Но вот внезапно ему пришла телеграмма от Софи, написанная по-французски. И сразу же в его сердце запустили когти мнительность и ревность. Кто помогал ей в этом? Альфред написал быстрый ответ: «Не требуется большого ума, чтобы понять, кто составлял французскую телеграмму, которую Ты мне отправила. Он пишет хорошо, однако делает ошибки». Поскольку София проигнорировала вопрос, он повторил его в следующем письме: «Расскажи мне, если можешь, кто послал, вернее, написал за Тебя ту французскую телеграмму мне. Это болезненная недомолвка между нами, подорвавшая мое доверие к Тебе».
Альфред не мог не заметить, что у Софи редко находилось время писать ему раньше полуночи. Иногда писем не было по три дня. Чем она там занимается? Ему казалось, что он видит в словах ее письма налет сожаления. Она натворила что-то, о чем не может рассказать? Неужели забыла своего медведя?

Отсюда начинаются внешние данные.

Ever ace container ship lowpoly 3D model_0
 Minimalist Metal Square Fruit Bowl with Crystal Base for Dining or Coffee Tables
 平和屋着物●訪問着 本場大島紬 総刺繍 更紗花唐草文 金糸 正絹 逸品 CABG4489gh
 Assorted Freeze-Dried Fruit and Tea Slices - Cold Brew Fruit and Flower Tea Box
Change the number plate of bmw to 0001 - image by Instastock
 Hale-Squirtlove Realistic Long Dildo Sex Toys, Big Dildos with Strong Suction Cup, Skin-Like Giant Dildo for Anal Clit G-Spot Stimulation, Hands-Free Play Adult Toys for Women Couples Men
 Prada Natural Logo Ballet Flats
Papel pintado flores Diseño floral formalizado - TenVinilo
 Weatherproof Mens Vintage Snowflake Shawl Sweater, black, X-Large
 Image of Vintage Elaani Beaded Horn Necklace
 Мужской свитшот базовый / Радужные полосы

«Не забудь в радостном угаре те приличия и человеческое достоинство, без которых женщина не может быть ни доброй супругой, ни настоящей матерью», – язвительно пишет он.
Но тут пришел ответ – телеграмму написала компаньонка. Альфред снова проникся доверием, продолжал писать ей каждый день, иногда по два раза на дню, как, по его мнению, должно быть между любящими. Он скучал. «Как мои мысли легко летят к Тебе, так и я сам хотел бы прилететь».
Он послал ей свою фотографию. Это был портрет, заказанный в известном фотоателье, предназначенный не только для Софи. В сентябре маме Андриетте исполнялось 75, и Людвиг предложил братьям сделать для нее фотоальбом. Он попросил Альфреда распорядиться. В альбоме предполагалось место для Роберта и Паулины с четырьмя детьми, а также для него и Эдлы с пятью детьми. «В сумме 13 мест», – написал Людвиг, предоставив Альфреду самому решить, «сколько всего нужно мест».
Сколько мест? Альфред все откладывал решение вопроса. В конце концов Людвиг опередил его и решил сам: всего четырнадцать мест, включая Альфреда в единственном числе.
Софи? Решится ли он представить ее родственникам? Он протянул ей мизинчик. «Если Ты будешь хорошей девочкой и вскоре поправишься, я попытаюсь устроить все так, чтобы Ты поехала со мной в Стокгольм»35.
Альфред считал, что Софи преувеличивает свои проблемы со здоровьем. Усталость и подавленность чаще всего связаны с тем, что у нее «неделя», считал он и пытался напомнить ей об этом. «Ты должна постоянно говорить себе, что существует… много тысяч людей на земле, которые куда больнее тебя и к тому же лишены всякой поддержки», – писал он.
На следующий день он мог потратить несколько драгоценных часов на поиски бутылочки специальной воды Franzensquelle только потому, что эта, как считалось, лучше для ее здоровья, чем та, которая есть в Швальбахе. И когда нужную воду найти в Париже не удалось, он заказал ее срочной почтой из Германии и переслал Софи.
Альфред надеялся, что на водах улучшится не только здоровье Софи, но и ее образовательный уровень. Компаньонку он задумал для того, чтобы Софи поучилась. Альфреда мучило то, что в ее письмах даже слово Monsieur написано неправильно. Он рекомендовал ей, что почитать, что изучить, справлялся, как идут дела. «Читаешь ли усердно?» Он советовал ей купить роман Бальзака, который легко читается. Тот назывался «Мемуары двух юных жен».